Should Airlines Consider Banning Alcohol On
Aircraft?
A traveler relaxes in her airplane seat and enjoys
a drink on the flight. GETTY
Should airlines ban drinking on some
flights? Could never happen, you say? April Fool!
Not exactly. Drunk and
out-of-control passengers are becoming a real problem, groping and assaulting
flight attendants, fighting other passengers and air marshals, attempting to
open the aircraft door mid-flight and attempting to get into the cockpit, among
other issues.
To paraphrase the late Rick James, like cocaine, alcohol
"is a hell of a drug."
In 2017, a BBC investigation found that drunk air
passenger arrests at UK airports rose 50% over the previous year. In an video
posted by the BBC, 14-year Virgin Atlantic flight attendant Ally Murphy said one
reason she quit flying were drunk, abusive passengers who groped and swore at
her. Once, a "drunk passenger tried to open the plane door."
Serious
alcohol-based incidents continue to occur on board. Just last month, an
Australian model was convicted for assaulting a flight attendant on a United
flight from Melbourne to Los Angeles in January. According to a press release
from the US Department of Justice, the woman, Adau Akui Atem Mornyang, 24, of
Victoria, Australia, was convicted of offenses relating to a January 21 incident
"in which she appeared to be intoxicated and was verbally and physically abusive
to personnel and other passengers during the flight."
According to the
evidence presented at trial, several hours into the flight, passengers
approached a flight attendant "to complain about Mornyang's disruptive behavior,
which included flailing her arms and yelling obscenities and racial slurs." When
a flight attendant tried to speak to her, she began shouting at him, then
slapped him in the face.
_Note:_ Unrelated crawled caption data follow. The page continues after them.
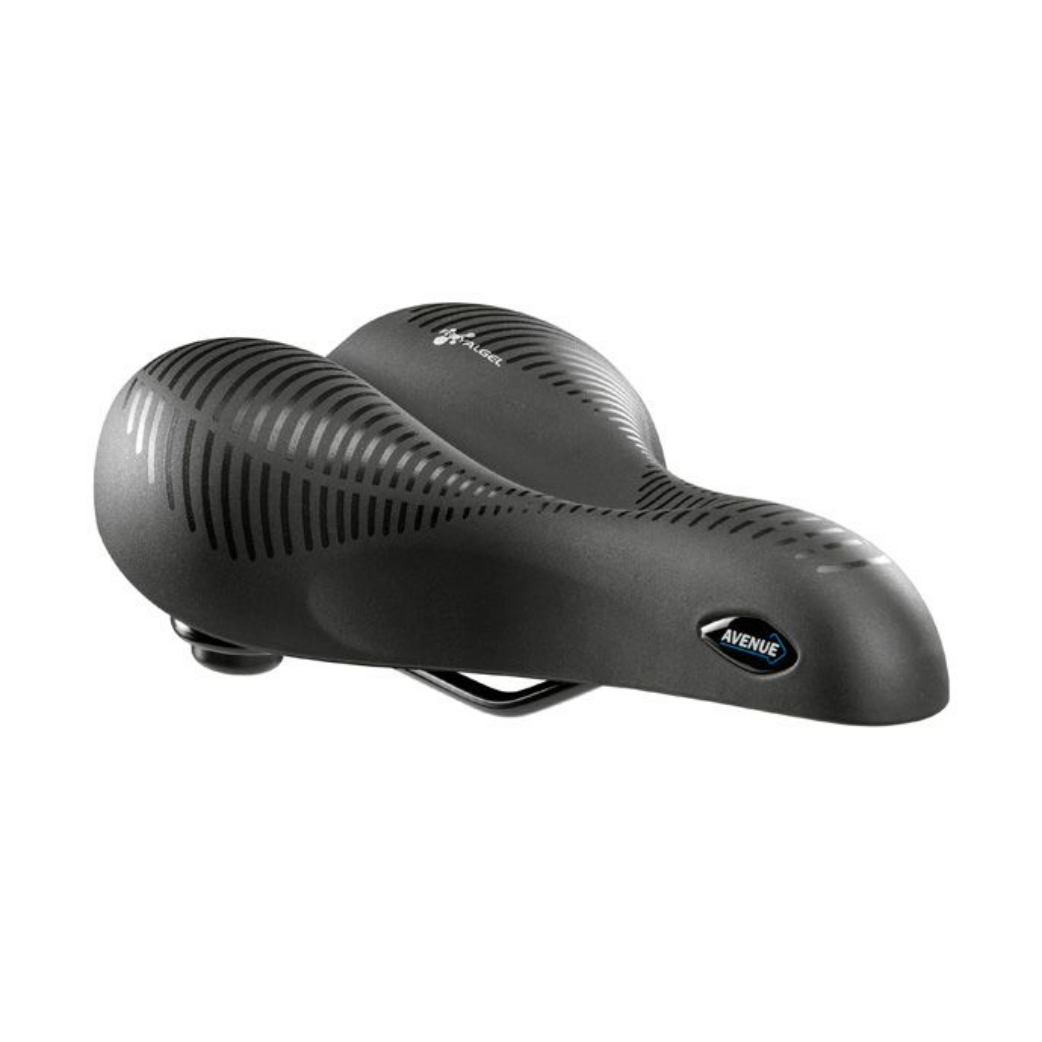 Selle Royal Saddle Avenue Athletic Men on Map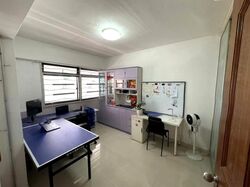 Blk 691A Choa Chu Kang Crescent (Choa Chu Kang), HDB 4 Rooms #621682091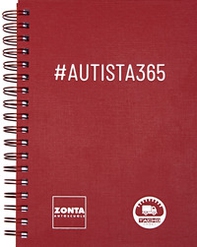 #AUTISTA365 - Librerie.coop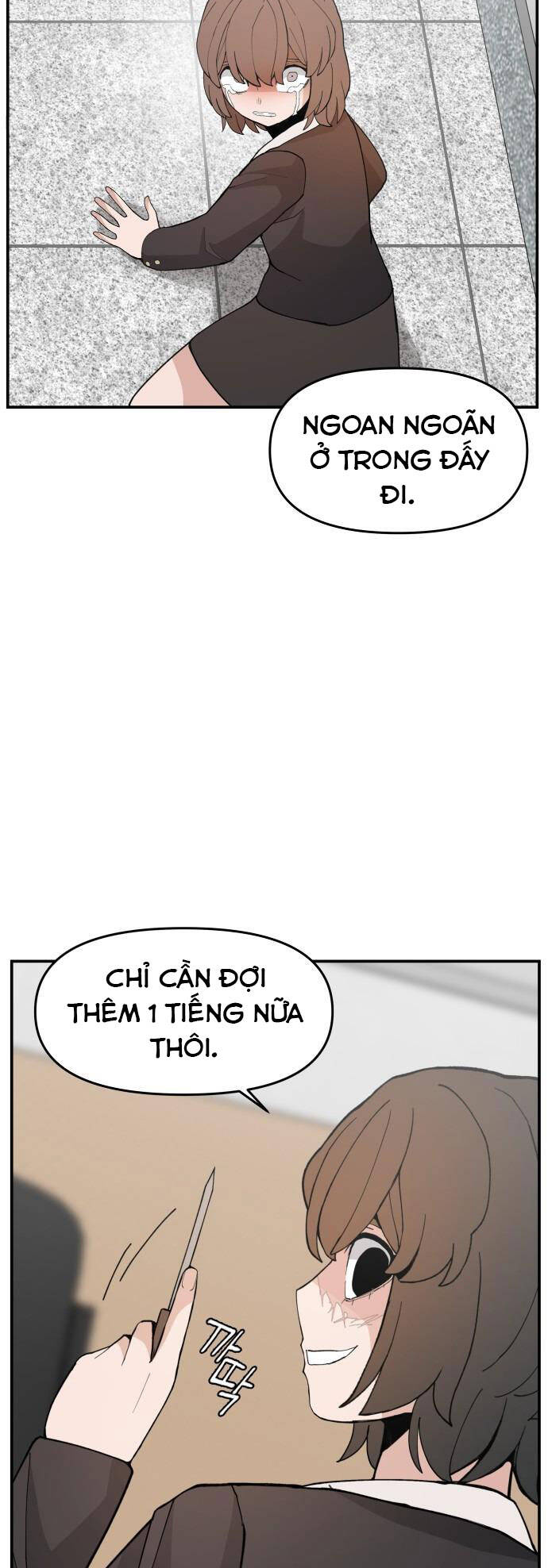 Chương 90 - Trang 29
The flight attendant attempted to restrain Mornyang
until federal air marshals on board could restrain her in the rear galley of the
plane for the rest of the flight.
A jury found Mornyang guilty of a
felony charge of interference with a flight crew and misdemeanor assault. She
faces a maximum sentence of 21 years in federal prison when sentenced this
June.
In 2018, a Southwest Airlines flight from Chicago to New Orleans
was disrupted by a man who threatened to put a flight attendant into "a body
bag" for refusing to serve him a fourth drink on the two-hour flight. The man,
Joel Michael Bane of New Jersey, then refused to take his seat for landin. When
the pilot did manage to successfully land, Bain assaulted a pair of police
officers who had to use stun guns to get him off the plane. Amazingly, Bane, who
pleaded guilty to one count of interference with flight crew, was sentenced only
to two years of probation and a $3,000 fine.
Also in 2018, a Delta
Airlines overnight flight from Salt Lake City to Orlando with 193 people on
board had to land in Oklahoma City to meet with police officers, after a
passenger headbutted a flight attendant when he too was cut off from
booze.
And in 2018, a pilot traveling as a passenger on an Emirates
flight asked to smoke on the flight, then slapped the chest of a Romanian flight
attendant, threw his shoe at her, cursed at other passengers, then grabbed two
beers and more booze from the galley. When finally restrained by crew and other
passengers in handcuffs, he threatened the flight and slammed his head so hard
against the seatback that the video screen broke.
So would airlines ever
consider making alcohol-free flights an option? Unlikely; on-board alcohol is
not only a precious perk of flying First or Business Class, but a profit source
from economy passengers. That $7 on-board beer probably cost the airline less
than a dollar, certainly a financially compelling proposition.
While
flyers like myself find drinking a good way to deal with today's flying
conditions, in-flight incidents do not seem to be going away. Instead, they seem
to be getting more frequent, disturbing and violent.
According to the
British Civil Aviation Authority, there were 417 reports of serious disruption
on flights in 2017, up from 195 in 2015. A survey by Britain's Which? Travel
found that one in ten passengers had experienced a flight "blighted by shouting,
drunkenness, verbal abuse or other obnoxious behavior". Irish-based low-cost
airline Ryanair was apparently the incident leader, with 17% of Ryanair
passengers saying they had experienced disruptive behavior in the past
year.
Recent Ryanair incidents include a flight featuring a fight between
two drunks over a woman's not wearing shoes to the lavatory, another from
Glasgow to Malaga with a drunk man bothering an on-board "hen party" resulting
in a chaotic fist fight and two unruly men dressed as Tinkerbelle and Bob the
Builder being thrown off a flight from London Stansted to Krakow, Poland. But
even this had its element of menace, as Tinkerbelle "threatened to cut everyone
up" before he was removed.
"Nobody wants to be on a flight with a couple
of drunks on board creating trouble," said Michael O'Leary, RyanAir CEO. But he
blamed the problem on the airportss, with "stag and hen parties" (who Americans
might call "bachelor" and "bachelorette" groups) drinking heavily before a
flight and posing a "threat to safety."
O'Leary told the Independent,
"Drinking on planes is controlled. On our flights, averaging one hour 15
minutes, the most you'll be served is one or two drinks. And if a passenger is
being disruptive, he or she won't be served with alcohol at all." But "Our
challenge is: we have passengers, particularly during flight delays, stuck in
airport bars drinking six, eight, 10 pints."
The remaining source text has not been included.